Friday, July 16, 2021
Jul 16 2021 Day 145 Psalms 102:1–104:35
Bless the Lord, O my soul. And all that is within me, bless his holy name.
This sentence has always felt like a calming balm for me. I think it’s because there is an implicit distinction between head and heart, between body and soul. This acknowledges a deep truth for me, or at least a understanding that I’ve lived with for decades. I understand that I have one body, and that it includes head, heart, soul, sinews, spirit. And I know people who live as if it’s all the same, all the time. When they speak, it seems to come from a soft place of the soul. But that is not how I’ve navigated this world.
The vast majority of the time, I work from my head. I absolutely believe it’s informed and sometimes integrated with my soul, but sometimes it’s definitely not. So for me to hear the sentence, “Bless the Lord, O my soul”, is a very familiar sentiment. It’s my thoughts and head asking my soul to engage.
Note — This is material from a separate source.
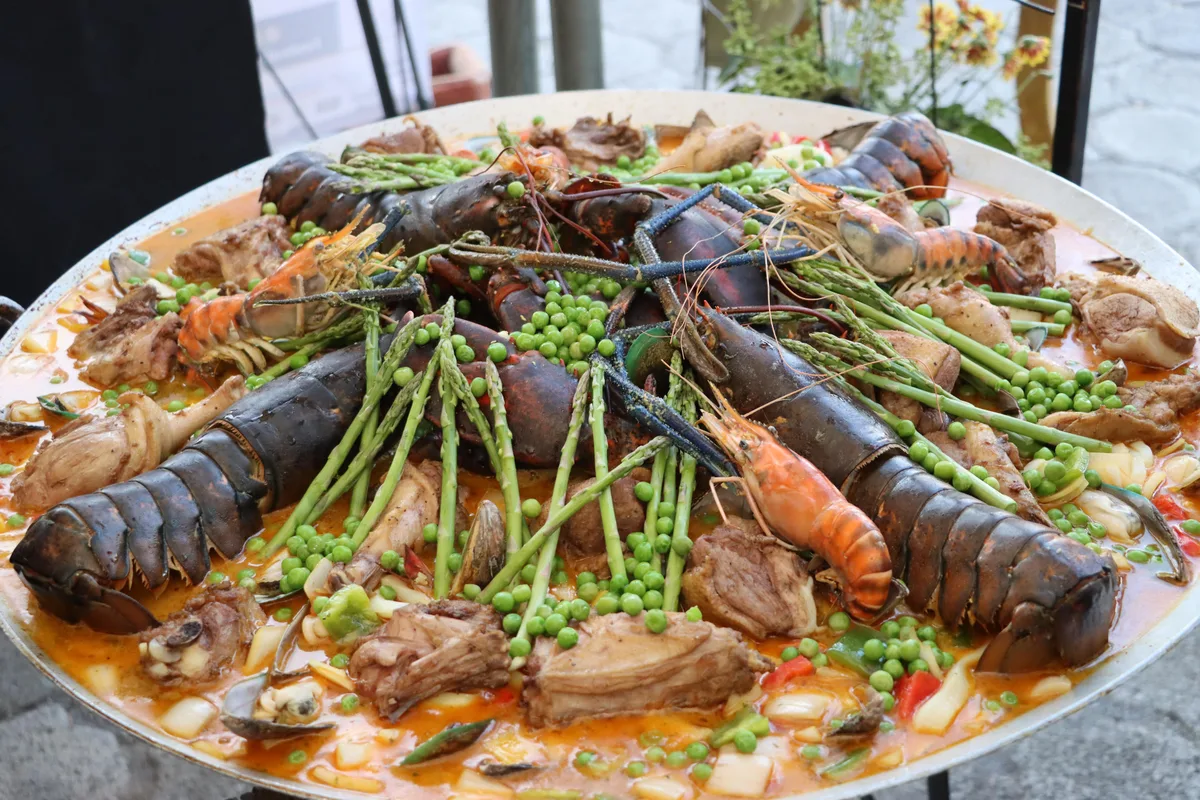 Festival de la Paella de Saltillo llega en septiembre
Of course, I think my soul knows this, and doesn’t really need my thoughts to be quite so directive. But this sentence validates my experience that my head and soul are sometimes not on the same page.
This is a sentence that lets my head do what it does…. It thinks, and perhaps over-thinks. This sentence also engages my deeper, genuine soul. All that is within me, bless his holy name. I get a warm feeling reciting this phrase. It’s as if my mind invokes my soul, and then they both melt in to one grateful, God-blessing being.
This morning, I’m thinking about how I might spend more time in that integrated mind/soul state. I can’t do this by simply realigning my understanding that it’s all one and all connected. That denies my lived experience. Rather, I need to acknowledge that these two aspects of my self are strong, valid and useful. And then invite them into more of a collaborative dance.